:: AVAILABLE DATA ::
- Opening Delimiter -

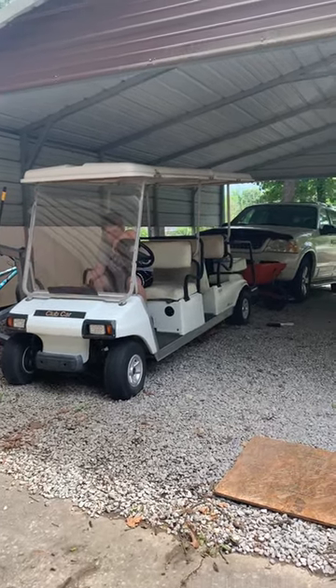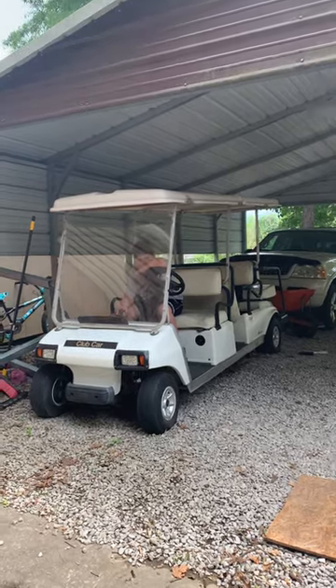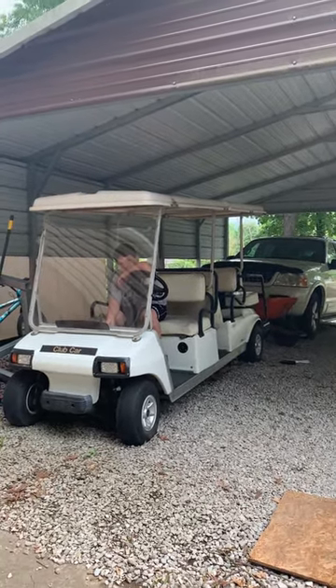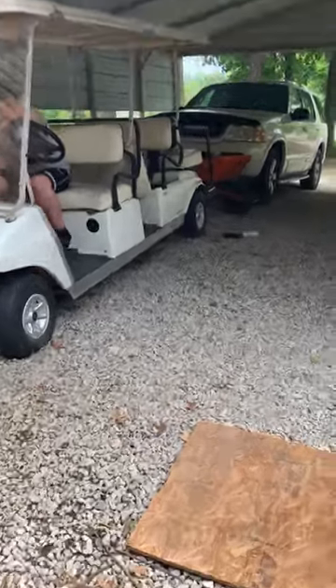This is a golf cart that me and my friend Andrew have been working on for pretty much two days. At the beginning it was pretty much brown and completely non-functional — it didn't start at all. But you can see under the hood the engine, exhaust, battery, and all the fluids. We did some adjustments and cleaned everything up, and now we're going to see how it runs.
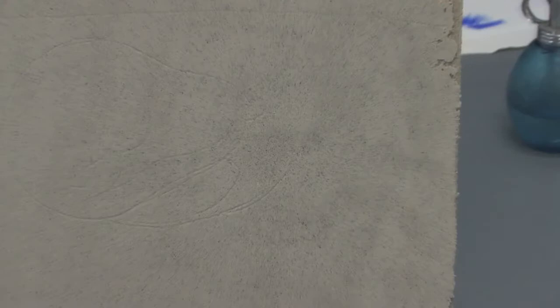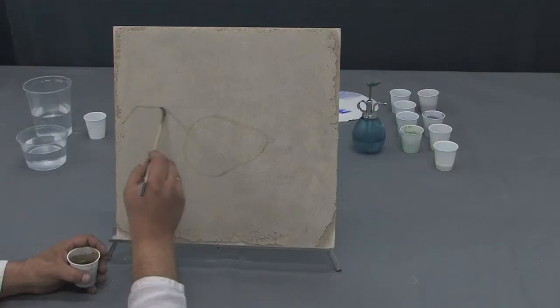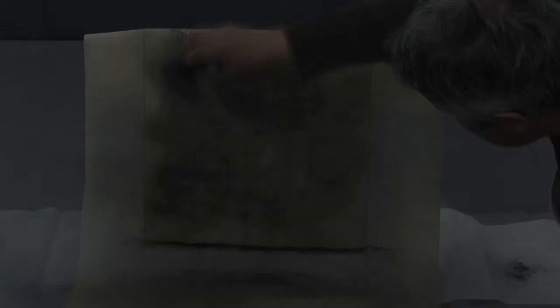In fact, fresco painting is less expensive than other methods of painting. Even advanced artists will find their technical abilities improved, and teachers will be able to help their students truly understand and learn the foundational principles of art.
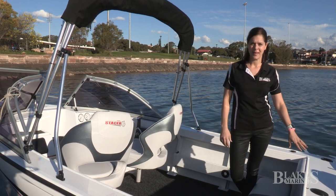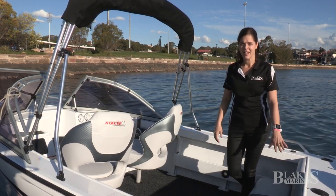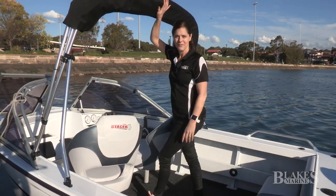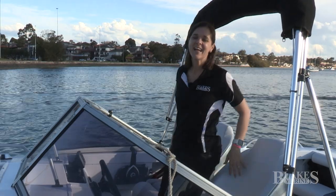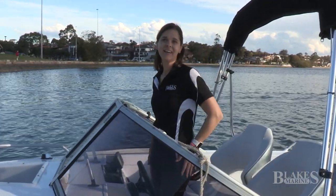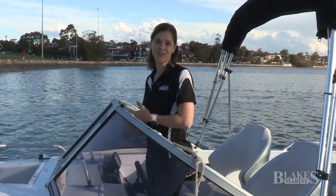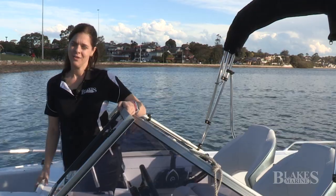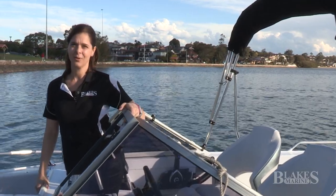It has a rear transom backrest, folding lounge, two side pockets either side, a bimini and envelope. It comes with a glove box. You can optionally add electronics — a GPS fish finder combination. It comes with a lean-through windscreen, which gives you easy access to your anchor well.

- Closing Delimiter -
- Opening Delimiter -

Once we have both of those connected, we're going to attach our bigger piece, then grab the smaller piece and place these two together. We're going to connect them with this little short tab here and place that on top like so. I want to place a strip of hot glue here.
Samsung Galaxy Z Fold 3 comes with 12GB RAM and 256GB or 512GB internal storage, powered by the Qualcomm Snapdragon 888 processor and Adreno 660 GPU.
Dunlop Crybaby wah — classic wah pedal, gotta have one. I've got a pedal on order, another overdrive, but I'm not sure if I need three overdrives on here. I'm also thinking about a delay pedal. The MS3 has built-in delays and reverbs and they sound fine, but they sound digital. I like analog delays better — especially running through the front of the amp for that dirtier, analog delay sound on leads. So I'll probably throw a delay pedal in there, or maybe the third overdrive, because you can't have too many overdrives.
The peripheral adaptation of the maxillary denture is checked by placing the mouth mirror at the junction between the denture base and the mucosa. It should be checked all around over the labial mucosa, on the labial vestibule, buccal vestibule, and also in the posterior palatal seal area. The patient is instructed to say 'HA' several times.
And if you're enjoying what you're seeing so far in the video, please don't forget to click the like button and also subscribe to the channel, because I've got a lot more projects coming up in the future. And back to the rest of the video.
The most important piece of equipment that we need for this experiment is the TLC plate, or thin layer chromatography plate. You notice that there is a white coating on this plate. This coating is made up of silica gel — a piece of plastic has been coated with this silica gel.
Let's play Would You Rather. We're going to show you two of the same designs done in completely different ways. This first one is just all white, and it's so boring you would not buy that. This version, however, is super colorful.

- Closing Delimiter -

:: WORK REQUIRED ::
The required output is each line of the entries that contains the word "piece".

:: TASK SOLUTION ::
Once we have both of those connected, we're going to attach our bigger piece, then grab the smaller piece and place these two together. We're going to connect them with this little short tab here and place that on top like so. I want to place a strip of hot glue here.
The most important piece of equipment that we need for this experiment is the TLC plate, or thin layer chromatography plate. You notice that there is a white coating on this plate. This coating is made up of silica gel — a piece of plastic has been coated with this silica gel.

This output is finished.